Un outil efficace de lutte contre le changement climatique Sans contester l’existence d’effets d’aubaine ou d’affichage (greenwashing ), la même étude montre que le marché des obligations vertes contribue malgré tout et de manière significative à la décarbonation des entreprises. Celles qui y ont recours réduiraient de 21% en moyenne et au bout d’un an leurs émissions unitaires de gaz à effet des serre (GES), les progrès les plus significatifs étant obtenus dans les secteurs énergo-intensifs[3] .
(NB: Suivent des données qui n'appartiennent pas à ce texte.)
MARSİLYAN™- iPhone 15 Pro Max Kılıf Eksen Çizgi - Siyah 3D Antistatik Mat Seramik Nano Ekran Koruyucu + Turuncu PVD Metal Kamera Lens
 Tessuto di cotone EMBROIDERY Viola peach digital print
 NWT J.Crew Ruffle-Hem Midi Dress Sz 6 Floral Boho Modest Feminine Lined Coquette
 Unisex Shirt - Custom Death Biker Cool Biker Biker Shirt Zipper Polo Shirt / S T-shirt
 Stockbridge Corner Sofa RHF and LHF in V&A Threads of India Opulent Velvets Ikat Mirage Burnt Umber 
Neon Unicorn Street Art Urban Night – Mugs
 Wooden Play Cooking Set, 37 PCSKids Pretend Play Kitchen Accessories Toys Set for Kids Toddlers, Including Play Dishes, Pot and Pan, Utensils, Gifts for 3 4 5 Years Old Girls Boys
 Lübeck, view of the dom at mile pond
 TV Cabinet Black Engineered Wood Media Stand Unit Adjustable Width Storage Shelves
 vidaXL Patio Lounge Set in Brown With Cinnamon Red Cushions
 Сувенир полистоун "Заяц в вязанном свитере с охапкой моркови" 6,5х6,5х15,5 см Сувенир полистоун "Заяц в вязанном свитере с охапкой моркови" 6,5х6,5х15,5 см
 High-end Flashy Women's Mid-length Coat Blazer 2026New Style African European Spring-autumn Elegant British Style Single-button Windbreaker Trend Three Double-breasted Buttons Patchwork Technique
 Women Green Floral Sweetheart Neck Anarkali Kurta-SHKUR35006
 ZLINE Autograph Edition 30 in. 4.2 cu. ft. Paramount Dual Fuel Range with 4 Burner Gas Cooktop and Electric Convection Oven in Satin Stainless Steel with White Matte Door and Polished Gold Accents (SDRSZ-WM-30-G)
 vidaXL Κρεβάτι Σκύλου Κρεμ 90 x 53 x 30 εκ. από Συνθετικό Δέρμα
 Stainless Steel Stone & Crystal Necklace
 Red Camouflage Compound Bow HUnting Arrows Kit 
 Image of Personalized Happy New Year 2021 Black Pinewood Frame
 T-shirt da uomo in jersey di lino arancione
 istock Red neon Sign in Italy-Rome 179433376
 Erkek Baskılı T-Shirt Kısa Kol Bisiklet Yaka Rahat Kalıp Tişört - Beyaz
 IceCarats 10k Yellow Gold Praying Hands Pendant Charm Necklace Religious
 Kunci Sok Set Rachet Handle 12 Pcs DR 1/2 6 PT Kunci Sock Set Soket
Un intérêt financier pour les États Les décideurs publics voudraient-ils freiner l’expansion du marché des green bonds qu’ils auraient peu d’intérêt à le faire. De plus en plus souvent, les agences de notations intègrent les trajectoires de réduction d’émissions de CO2 dans leur évaluation de la dette des États, les mieux-disants minimisant le risque de transition désordonnée et obtenant, ainsi, de meilleurs ratings (Capiello & al., 2025) [4] . Ce début de reconnaissance est à souligner, à l’heure où la question de la soutenabilité des finances publiques refait surface.